Whenever a film depicts the lives of fictitious individuals against a noteworthy historical backdrop, the question must be raised: do the filmmakers use their characters to humanize an otherwise emotionally unfathomable event, or do they cheaply exploit it to give their film greater social, political, intellectual, or philosophical weight than it warrants?  For the first half of its nearly two and a half hour running time, Ye Lou’s Summer Palace manages to deftly filter the unrest of late 1980s China through the microcosm of a teen attending Beijing University.  But following a dramatization of the Tiananmen Square demonstrations (and a where-are-they-now montage that swiftly glosses over the next decade), the film struggles for the next hour to rediscover the tone and pace that made its story up to that point so resonant.Yu Hong (Lei Hao), a teenager from Tumen, serves as our protagonist and Metaphor with a capital M.  Yu Hong is a thoughtful yet uncertain girl, more sure of what she doesn’t want to be than of what she does.  She enters university with hopes of dashing her small town ennui, but finds instead that the uncertainties of adult life are greater than those of adolescence.  The lonely and introverted Yu Hong is befriended by Li Ti (Ling Hu), a fellow student who then introduces her to Zhou Wei (Xiaodong Guo).  At first coy toward one another, Yu Hong and Zhou Wei begin the kind of courtship that seemingly only occurs in books and movies by or about disaffected poetic types; in between having sex and saying things like, “I think we should break up, because I don’t think I could stand to lose you,” she grows restless and begins testing the waters of their relationship, pushing the boundaries of Zhou Wei’s allegiance to see how far they will bend.
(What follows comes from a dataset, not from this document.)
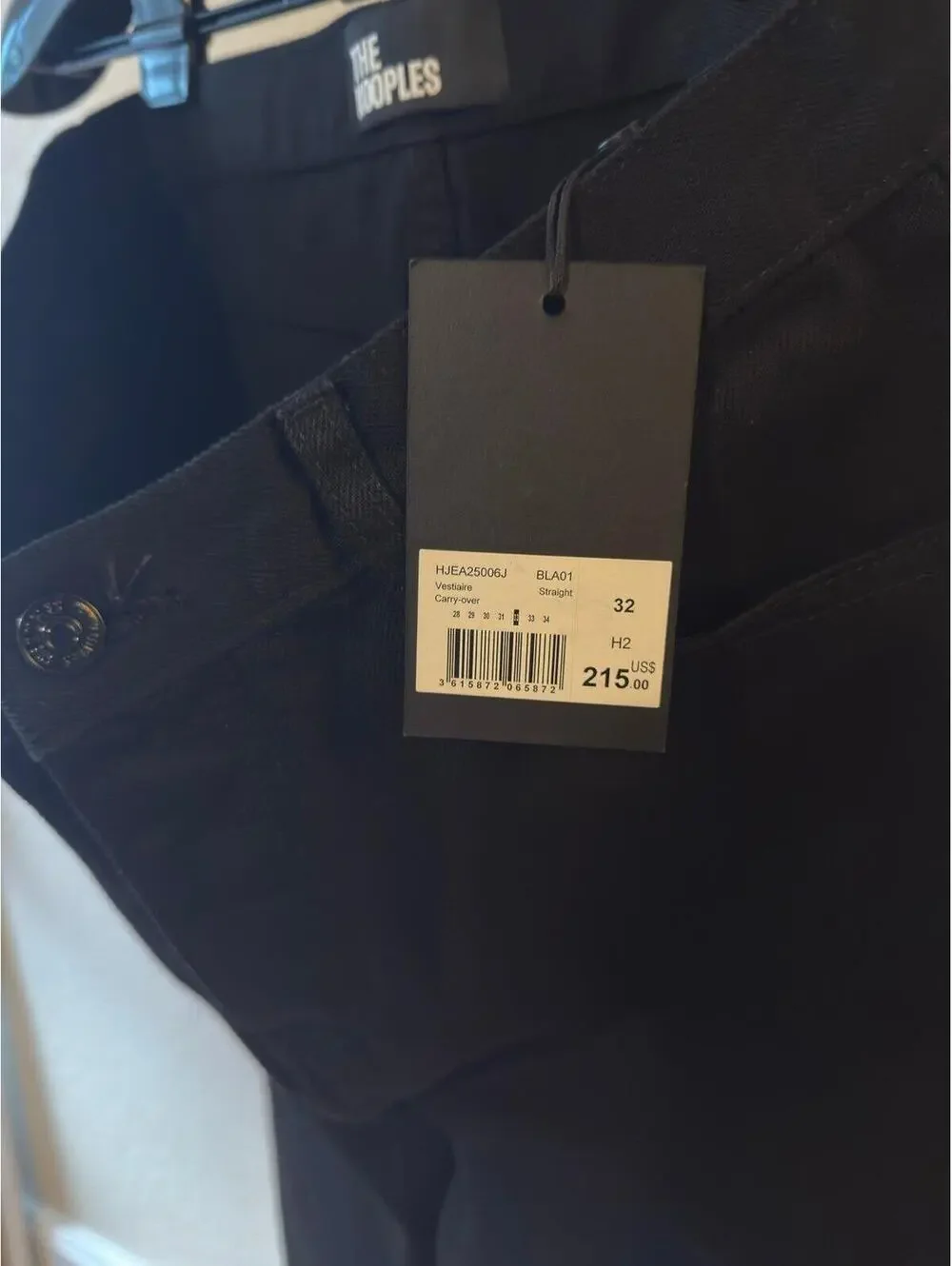 The Kooples Black Straight Jeans 32x32 NWT Vestiaire Designer Denim Slim Classic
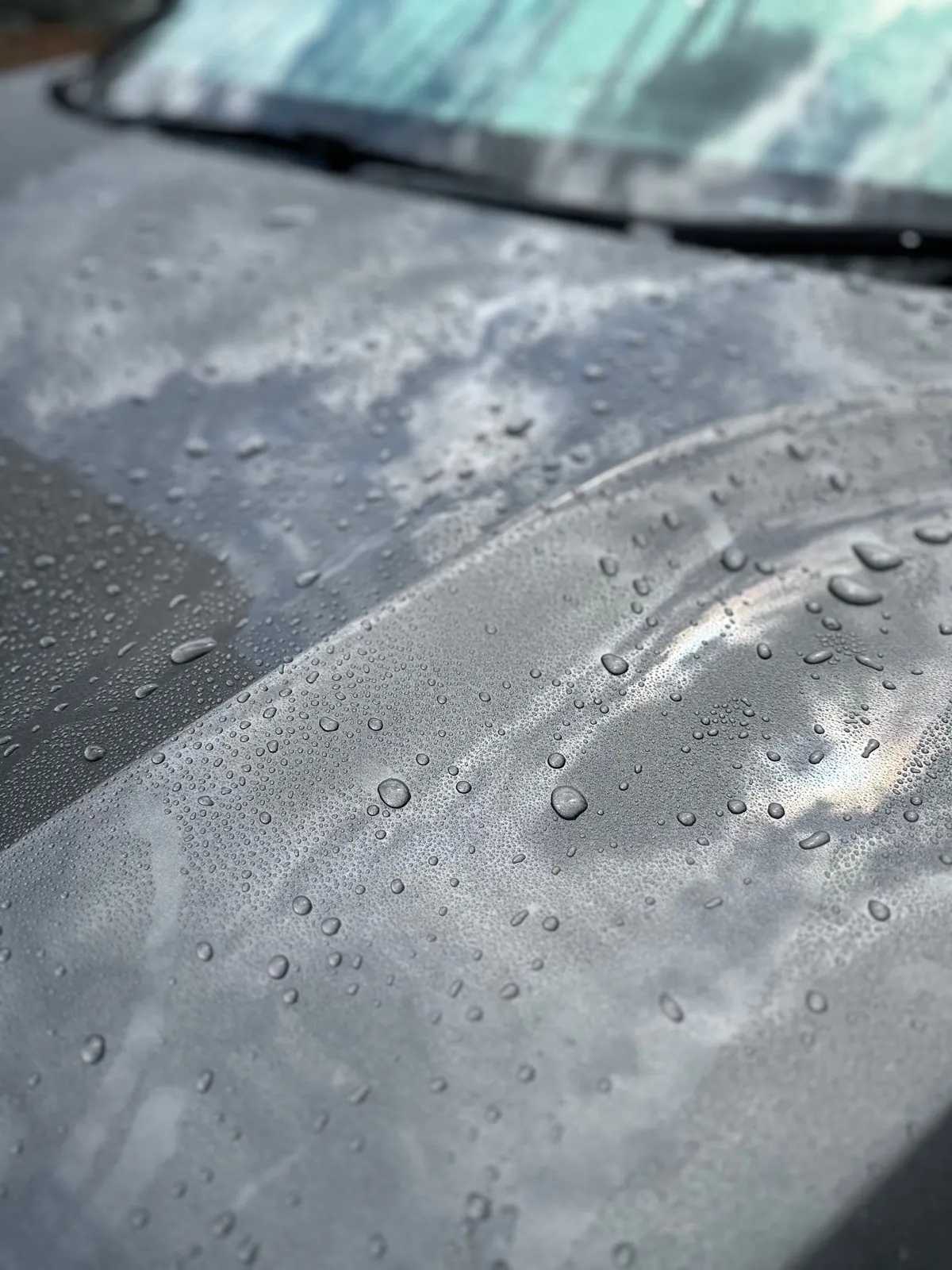 Water beading on ceramic coated paintwork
And yet, she is inconsolable when they finally break.  Moving on from one loveless, impulsive, illicit romance to another, Yu Hong seems intent on alienating everything and everyone for whom she cares.  Hers is the kind of self destructive behavior that seems aloof on the surface but stems from a deep current of doubt.  Afraid to have anything taken from her against her will, she tests everyone who enters her life — an endless string of Jobs of varying degrees of love-blind acceptance.  If they can endure Yu Hong’s games, the logic follows, they will be willing and able to maintain.  If, however, they do not, she can rest knowing that it was by her own choice and actions that their relationship has severed.

It is too late when Yu Hong realizes that there is more than empty consolation in the old trope that it’s better to have loved and lost than to have never loved at all.  As the chasm between her ideal and her actual lives grows, her affairs become more reckless, until a tragic event reminds her of what is truly important to her — and how irreparably she has sabotaged it.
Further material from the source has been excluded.